これらのことから、我が国の教育において「どんなやり方にも対応出来て、だいたい何でもそつなくできるジェネラリスト体質」が評価される傾向があるのではないかと筆者は感じている。発達障害の子どもたちはその対極となる「スペシャリスト体質」であることが多く、非常に不利な状況にある。

その為、発達障害の子どもたちは全般的な知的能力が劣っていなくても通常の教育環境から簡単に弾き出されてしまう傾向がある。その先に準備されているのが特別支援教育である。現状で言うと、知的障害がない場合は特別支援学校ではなく、通常学校内の「支援級」や「通級指導」が選択されることが多い。そこではより個別的な対応を受けることが可能となるが、課題も多い。個々の状況についてはかなり個別性が高い為、ここでは筆者が考える構造的な課題について述べたい。

発達障害児の学びの課題が9歳の壁以前の問題として取り扱われている

まず知的障害を伴わないお子さんの特別支援教育における現状について、筆者の耳に届いている最近の事例を紹介したい。

一言で言うと、特別支援教育になったとたんに子どもたちへの要求水準が低くなり過ぎることがしばしば起きている。具体的には「準備されている教材が小学校低学年レベルのものしかない為、満点のプリントを何回も繰り返している」「学習時間ずっと時計の読み方の練習をしてる(もう読めるのに)」 「明確に間違えている問題があってもテストは常に満点で返す(理由は可哀そうだから)」などがある。これでは明らかに課題の設定レベルが低すぎて、子どもたちの学びや成長が促進される以前の問題であろう。

他にも、医師からの「学習障害の傾向あり」といった診断未満の発言情報のみを根拠に、知的障害を伴わない小学生の親御さんに対して「学習障害なので高校進学は諦めてください」と伝えた事例も聞き及んでいる。筆者に言わせると、ここまでくると子どもの学ぶ権利を剥奪する人権問題であるとすら感じる。

筆者はこれらの状況の構造的な問題は、発達障害児の学びの課題が9歳の壁以前の問題として取り扱われていることにあるのではないかと考えている。

例えばDSM‐5やICD-10における学習障害の診断基準や文部科学省の学習障害定義をどのように読み直しても、そこに「方程式の解法に悩む姿」も、「物語の機微を読み解くことに困難を抱える姿」も浮かび上がってこない。

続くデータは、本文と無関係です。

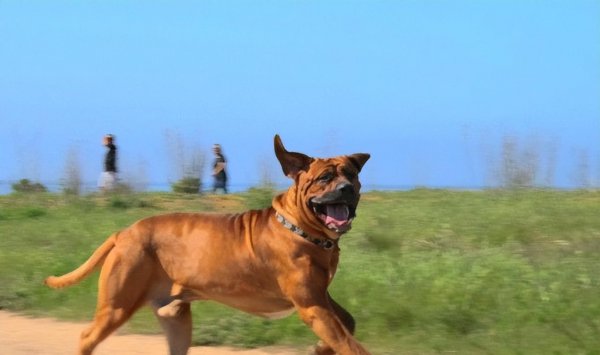 猛犬品种大全图片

そこに浮かび上がってくるのは、概ね小学校低学年レベルの学力に問題を抱えている子どもたちの姿である。つまり、9歳の壁を超えた先の「学びの課題」は、特別支援教育の範囲外であるかのような扱いがなされているように感じるのだ。その証拠として支援級では、そこに所属する子どもにいわゆる内申点が付かない場合が少なくない。そもそも内申点の評価対象から外れるとされるためである。

加えて言うと、先の文部科学省の調査で学習障害の調査に使用されたのは「LDI-R」を参考に作られた調査票であり、「聞き間違いがある」「音読が遅い」「簡単な計算が暗算出来ない」など、その内容はやはり小学校低学年相当が主に念頭に置かれたものが多い。その為「学習面で著しい困難を示す」子どもたちは学年が上がるごとに割合が下がり、小学校1年生で7.3%だったものが中学校3年生では1.4%にまで下がる。学年が上がるたびに増えるのではなく、「減っている」のである。つまり小学校3、4年生程度の学習能力が獲得出来ていれば、例えそのお子さんが中学3年生で小学校高学年レベルの躓きがあっても「学習障害ではない」とされていることになる。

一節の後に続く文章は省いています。